Inside Out (2015)
94 min., rated PG.
Ever since Disney and Pixar's first feature-length animated release in 1995 with "Toy Story," the studio has always specialized in provoking emotions and themes of growing up. They also do not specialize in making animated films for kids but in making animated films that work on multiple, more sophisticated levels. What appeared as a fluffy, antic-heavy throwaway diversion in its early advertising campaign, "Inside Out" is Pixar at the height of their powers. It's fast, brightly colored and rambunctious for kids, sure, but look closer and it's also wise, clever, stirring and profound for adults. Writer-director Peter Docter (2001's "Monsters, Inc.," 2009's "Up"), co-director Ronaldo Del Carmen, and co-writers Meg LeFauve & Josh Cooley bring a grown-up perspective to their animated world of personified emotions inside a preteen girl's mind. It's ambitiously conceived and terrifically executed.

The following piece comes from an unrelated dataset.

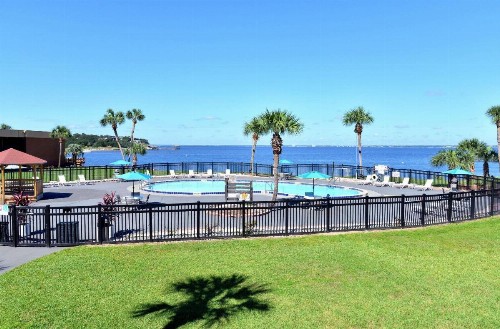 Quality Inn & Suites on the Bay near Pensacola Beach - image 19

When Riley (voiced by Kaitlyn Dias) was born, her first emotion was Joy (Amy Poehler), who made her mission that the girl is always full of happiness. From there, Riley's emotions grow more complex, adding Sadness (Phyllis Smith) and eventually Fear (Bill Hader), Anger (Lewis Black) and Disgust (Mindy Kaling). With all five emotions occupying the headquarters of Riley's brain, it becomes a mighty crowded panel for Joy to control. There are floating "islands" that represent Riley's family, friendship, honesty, love for ice hockey, and her goofball side. At 11 years old, Riley and her parents (Diane Lane, Kyle MacLachlan) must move from Minnesota to San Francisco and she experiences the struggles that come with change. When Riley's core memories, stored in yellow-coded orbs, keep getting touched by Sadness and then get sucked out of headquarters, so do Joy and Sadness. Meanwhile, Riley's islands begin to shut down, while Fear, Anger and Disgust try to normalize Riley. If Joy and Sadness don't return to headquarters, Riley may never be happy again.
Conceptually, "Inside Out" is heady, complex stuff, but it's still a lively, vibrantly animated comedy. The chemistry between all five of Riley's emotions is never not fun to watch. In another instance, we get to see the emotions inside Mom and Dad's headquarters. Respectively, they include a table of bespectacled, type-A women who wish they had met a Brazilian man and a table of mustachioed, sports-loving men whose minds wander. There are light, inventive moments when Joy and Sadness go on their journey, coming across a couple of memory inventory workers who find that Riley's four-year piano lessons have started to fade and keep sending the memory of an annoying chewing gum jingle to her mind (one of the film's choice running jokes). The happy-sad twosome then encounters Riley's old imaginary friend Bing Bong (Richard Kind), who leads them down a dubious shortcut through the restricted area of Abstract Thought, which hilariously turns the three into different artistic shapes and styles. When Riley enters REM sleep, Joy and Sadness also venture into "Dream Productions," visualized as an actual movie studio, only to come up against a creepy birthday clown and Grandmother's scary vacuum, witty little details that never cease.
Headed by Amy Poehler as the ever-positive Joy, the stellar voice cast does excellent work, never calling attention to itself to distract from the characters. The deadpan Phyllis Smith is absolutely inspired as Sadness, a blue downer who always feels dejected and vulnerable that it's almost adorable. In the wrong hands, both roles of Joy and Sadness could have been rendered annoying, but Poehler and Smith very much balance one another out with their warmth and energy. Also, filling out the personalities of Fear, Anger, and Disgust, Bill Hader, Lewis Black, and Mindy Kaling are all frequently funny at inhabiting such personified emotions. Another standout is Richard Kind, who heartbreakingly voices the role of Riley's old imaginary friend Bing Bong, a half-elephant, half-dolphin creation who cries candies.
Like most of Pixar's output, "Inside Out" provokes both feelings of joy and sadness. (Preceding the feature, Pixar short "Lava" about the meeting of two volcanoes is an appetizer for how simple and simply sweet an animated film can be in still registering emotions.) As is always the case, the animation is a candy-colored sight to behold, even in the photo-realistic details of Riley and her parents' Bay Area apartment. The film's biggest achievement, however, is in its imaginative use of the human mind and the message that feelings can and must co-exist together. With puberty still on the way for Riley, "Inside Out" could lead to a franchise down the road—"Toy Story 2" and "Toy Story 3" are examples of how well that could go and and "Cars 2" would be an example of Pixar's lowest point—but the studio definitely has an original here. It will not only charm the pants off of adults and kids alike, but it will make everyone feel.